Num Sonho de Liberdade, há uma cena pungente em que um presidiário,
após muitos anos recluso, sai em
liberdade condicional. E, desesperadamente perdido no nada que sua liberdade
abria para si, se suicida.
Quando é atraída nossa atenção
para algo ou para alguém, este para já nos atravessa e nos mergulha na história. Assim,
água é água para nossa
sede. Não é solvente das bulas de
remédios que estão no nosso banheiro, mas aquilo que molhará nossa garganta,
quando nos dirigimos à geladeira. E é
nosso desafio, quando estamos no bloco à beira da piscina esperando o tiro de
largada para uma tomada de tempo.
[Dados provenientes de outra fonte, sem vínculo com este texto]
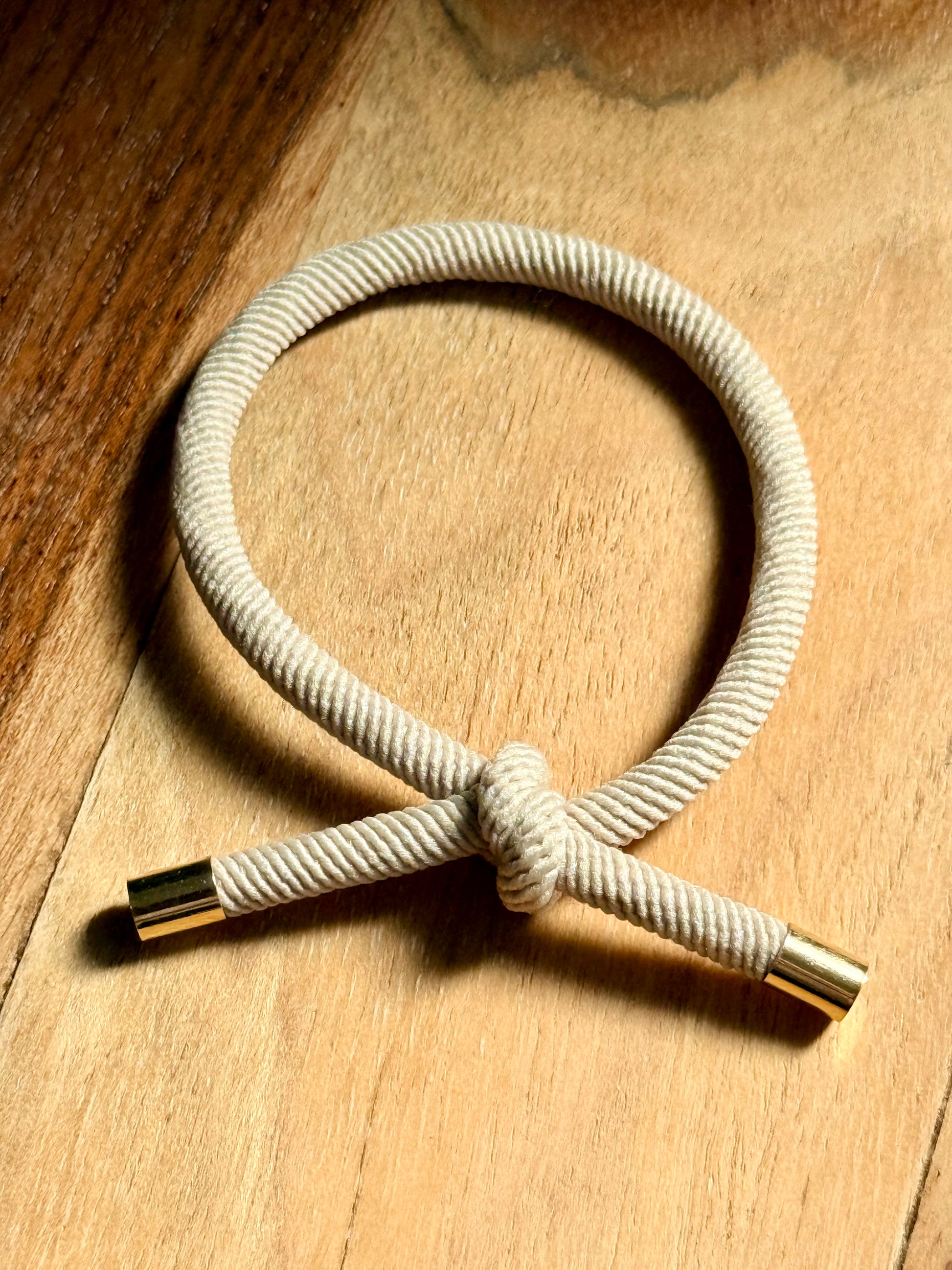 Nautical-style rope bracelet with gold clasp on a wooden surface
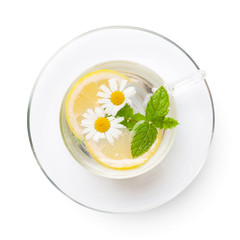 Green herbal tea cup with mint and chamomile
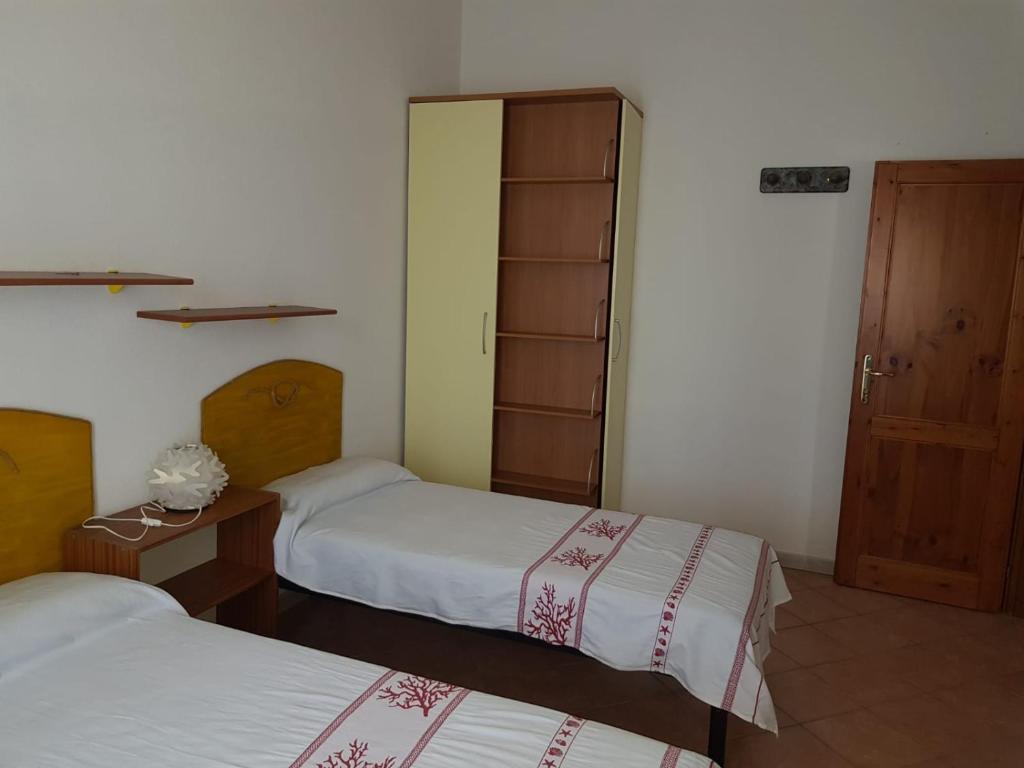 una habitación de hotel con 2 camas y una puerta en Casa Ermanno en Posada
Assim, a identidade de alguém na história
carrega sempre um para si. Somos sedentos, competidores para sermos quem somos.
Na integridade dos esquecimentos e lembranças
que se enredam para tornar mundo como nós o expressamos, a água não toma decisões ou faz escolhas nem cria
situações. Então, o jogo de ser e não ser em meio a esses esquecimentos e
lembranças não lhe importam em ser aí.
Permanece sempre como que. Aí, só nós há como quem.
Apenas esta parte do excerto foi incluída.